Specialists have given considerable importance to
Stravinsky's possible homosexuality.
It could be one of the reasons for Stravinsky's intense antipathy towards Nijinsky, the choreographer of some of his works and at the same time Diagilev's lifelong lover.
But there is not much documentary evidence, beyond some letters crossed with friends and colleagues in which they say goodbye with "hugs and kisses."
"The tone and content instead resembles the kind of
close but platonic male friends
Stravinski had throughout his life, including with Craft," wrote Zachary Woolfe, music critic for
The New York Times.
In Craft's book it is claimed that he sent the composer Maurice Delage
a photo of himself naked and with an erection,
but there is no documentary proof of this.

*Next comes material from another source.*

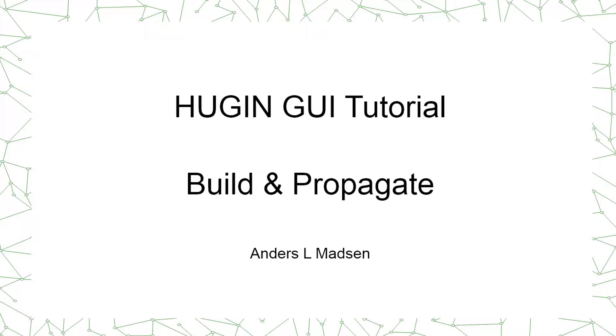Hi, welcome to this tutorial on the Hugin graphical user interface. This tutorial covers how to build a simple Bayesian network and propagate evidence.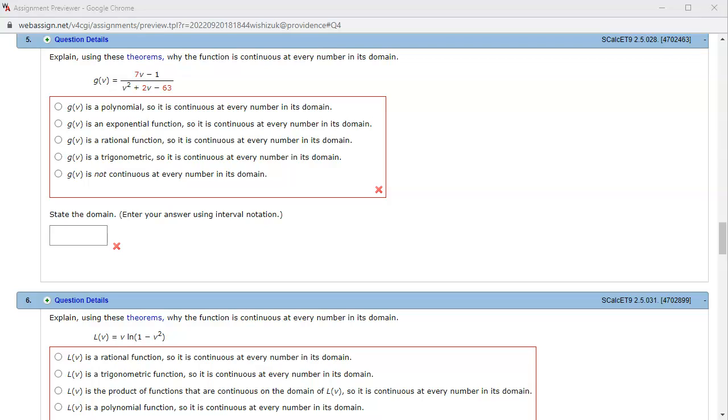All right, let's look at Hallmark 2.5 problem number 5. Explain using theorems why the function is continuous at every number in its domain.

Robert Craft himself pointed out in 1982 that Stravinski was a
convinced
monarchist
throughout his life.
The truth is that he
hated the Bolsheviks
even approaching fascism.
In 1930 he said: "I don't think
anyone venerates Mussolini more than I do. He
is the savior of Italy and hopefully Europe."
He had a private audience with Mussolini and told him that he "felt a fascist."
The USSR seemed a "monster" to him.
The performance of his music was prohibited in his country from 1933 to 1962. A year after the death of the genius, in 1972, the Soviet Minister of Culture, Ekaterina Fúrtseva, ordered Soviet musicians to "study and admire" music. by Stravinski.